The library is built around explicit behavior: supported operations return structured results, unsupported behavior fails visibly, and public molecule transforms return new values instead of mutating their inputs.

COSMolKit is designed for array-oriented structural data access, keeping molecular data efficient and natural for NumPy, PyTorch, and model-building workflows.

Documentation

Installation

pip install cosmolkit

Core Concepts

  • Value-style molecules: methods such as with_hydrogens(), without_hydrogens(), with_kekulized_bonds(), and with_2d_coords() return new molecule values.
  • Explicit errors: invalid input and unsupported behavior are surfaced as errors instead of silent fallbacks.
  • Batch-native processing: MoleculeBatch keeps input order, supports structured per-record failures, and can run batch transforms and exports with configurable parallelism.
  • Array-friendly data access: coordinates, bounds matrices, fingerprints, and graph features are exposed in forms that fit Python numerical workflows.

Value-Style Transformations

Normal molecule operations return new objects and do not mutate their inputs. This follows the same explicit-dataflow direction as modern dataframe libraries: users can reason about each transformation as a new value while the Rust core can share unchanged internal storage efficiently.

from cosmolkit import Molecule

mol = Molecule.from_smiles("CCO")
mol_h = mol.with_hydrogens()

assert mol is not mol_h

Python Quick Start

from cosmolkit import Molecule, MoleculeBatch

mol = Molecule.from_smiles("c1ccccc1O")
mol_2d = mol.with_2d_coords()

print(mol_2d.to_smiles())
print(mol_2d.coords_2d())

svg = mol_2d.to_svg(width=400, height=300)
mol_2d.write_png("phenol.png", width=400, height=300)

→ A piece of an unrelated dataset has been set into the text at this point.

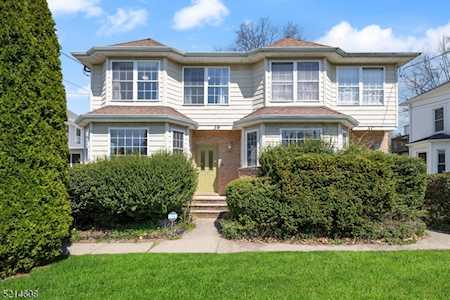 39 W Union Ave Bound Brook Boro, NJ 08805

fp = mol.fingerprint_morgan(radius=2, n_bits=2048)
print(fp.on_bits())

batch = (
    MoleculeBatch.from_smiles_list(
        ["CCO", "c1ccccc1", "CC(=O)O"],
        sanitize=True,
        errors="keep",
    )
    .with_parallel_jobs(8)
    .with_progress_bar(False)
)

prepared = batch.add_hydrogens(errors="keep").compute_2d_coords(errors="keep")
print(prepared.valid_mask())
print(prepared.to_smiles_list())

prepared.to_images(
    "molecule_images",
    format="png",
    size=(300, 300),
    errors="keep_errors",
    filenames=["ethanol", "benzene", "acetate"],
)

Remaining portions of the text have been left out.